So we should make some changes to our code

# Now the tensor is just 27x27
N = torch.zeros((27,27), dtype = torch.int32)

# We also want to set the dot to 0 (personal preference)
# And with that we have to adjust our dictionary
stoi['.'] = 0
stoi = {s:i+1 for i,s in enumerate(chars)}

# Now change the chs
for w in words:
  chs = ['.'] + list(w) + ['.']
  for ch1,ch2 in zip(chs,chs[1:]):
    ix1 = stoi[ch1]
    ix2 = stoi[ch2]
    N[ix1,ix2] += 1

# And adjust the range of i,j, then we're done

plt.figure(figsize = (16,16))
plt.imshow(N,cmap = 'Blues')
for i in range(27):
  for j in range(27):
      chstr = itos[i] + itos[j]
      plt.text(j,i,chstr, ha = "center", va = "bottom", color = 'gray')
      plt.text(j,i,N[i,j].item(), ha = "center", va = "top", color = 'gray')
plt.axis('off')

So now we have our final result:

Calculating the probability

Now the serious things kick in, we need to calculate the relative frequency for each pairs of characters that we have. The most convenience way is creating a matrix of probability P that is of the same size as N, where each entry represents the probability of the corresponding pair stored in N.
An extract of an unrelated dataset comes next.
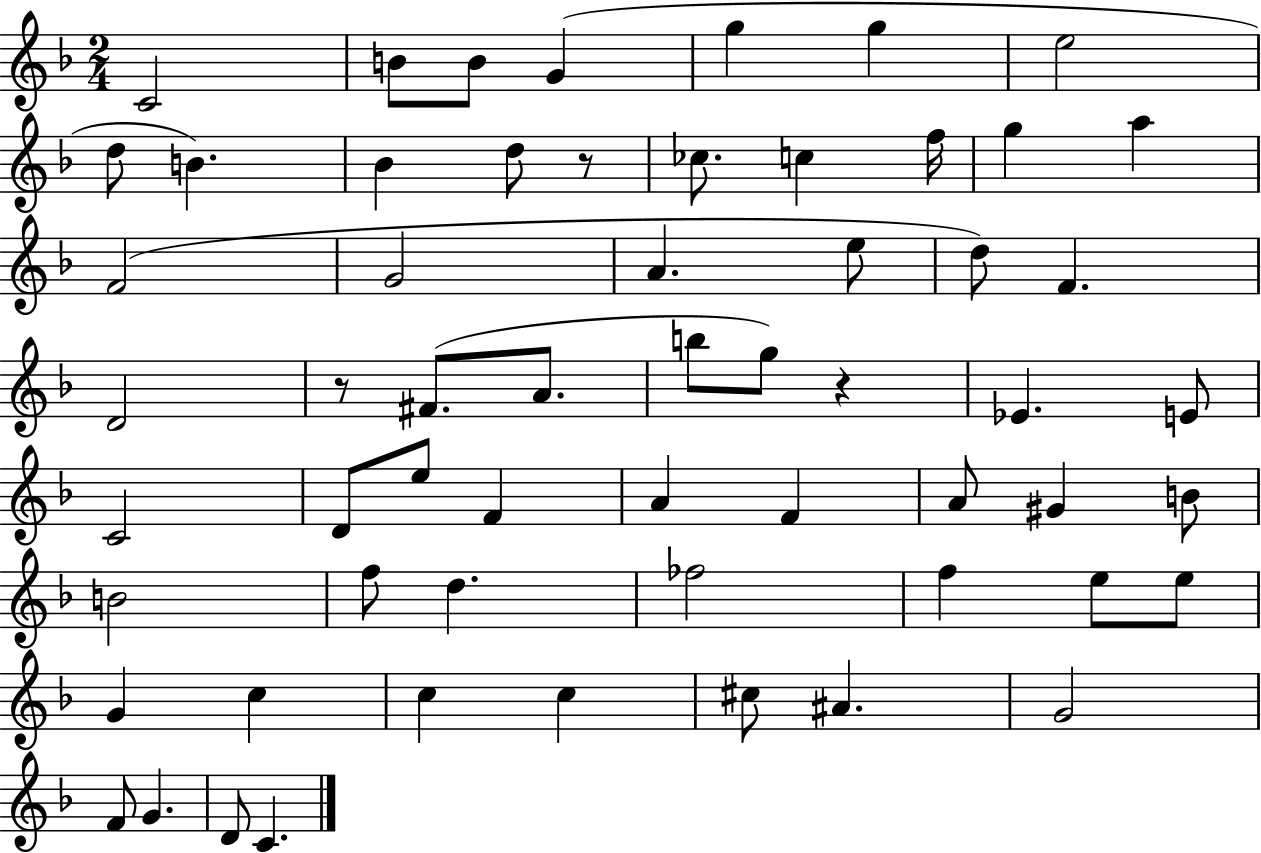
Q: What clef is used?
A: treble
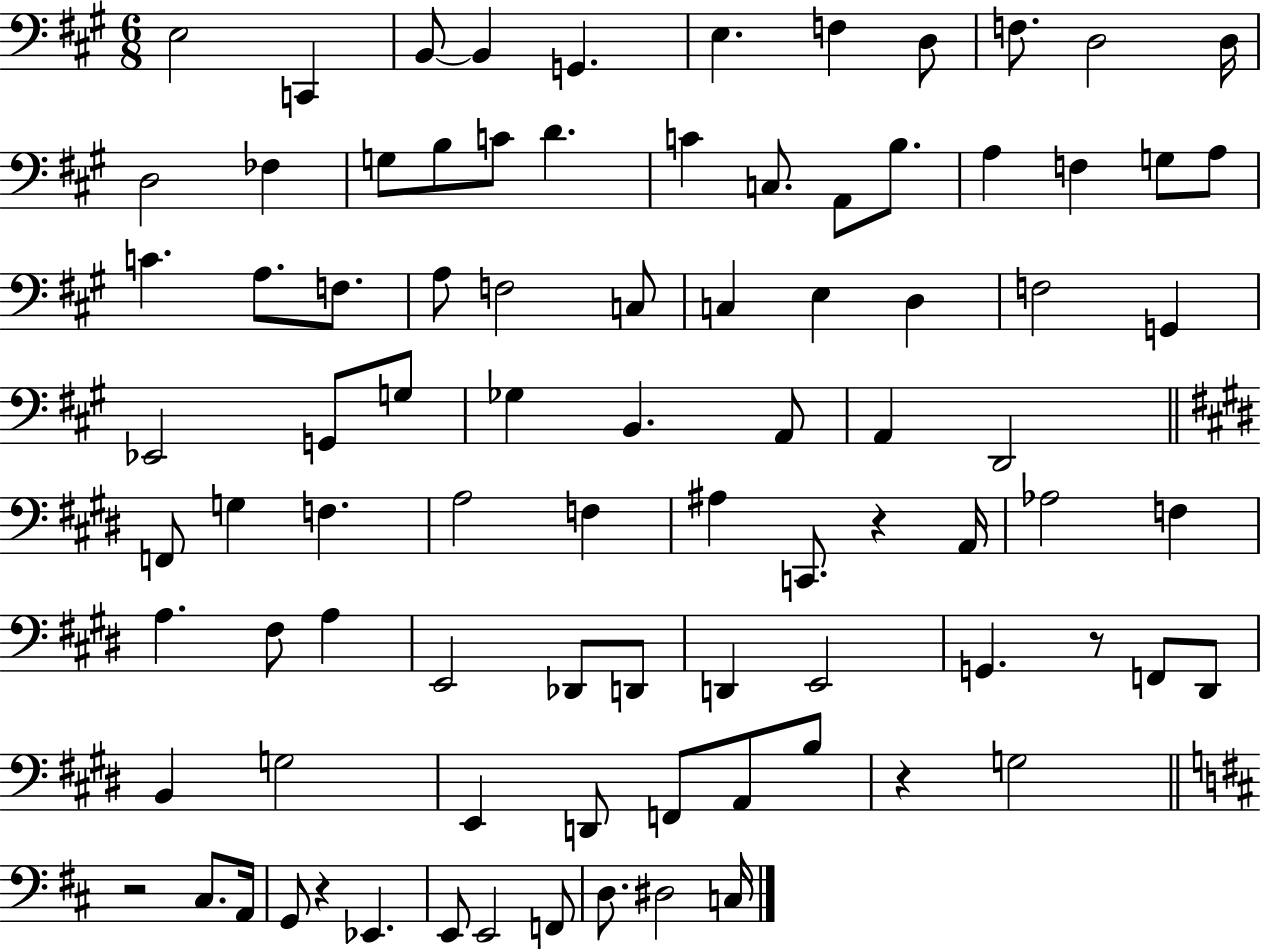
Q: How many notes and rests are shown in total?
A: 88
So how can we calculate the probability, really? Remember the formula where we divide the frequency of the pair with the frequency of the preceding word? To your surprise, it is actually the count of the pair divided by the sum of its row in the frequency matrix (N). Take a moment to think about it.


# Create the P matrix
P = N.float()

# Take the sum for each row
# Notice that it is really convenient when using tensor

P.sum(1,keepdim = True)

# And then we normalize every entry
# Notice, again, how clean the code is

P = P / P.sum(1,keepdim = True)

Just a small note here, why should we set keepdim = True ? This can take a whole blog post to explain (and probably I will do it if I'm not lazy). This has to do with something called Broadcasting, which is a really convenient data manipulation and it is used all over the place in data processing. You can check the video from Andrej if you're curious, he talked really deeply about this. For now let us just skip this small detail and move on to the next part.

Sampling from our model

We've created our probabilistic model! May be it's not clear to you, but we've done all the essential part. Now you might ask "How can we get new names from this model?". You need to take a character, possibly a random one, and work recursively to predict the next. What I mean when saying "work recursively to predict" is that: when you have a character, you have to look at the row where it is the preceding character and sample from that distribution to get the next char, and when we get the next word we will do that again to get the upcoming char until we encounter the dot, which is the end of word.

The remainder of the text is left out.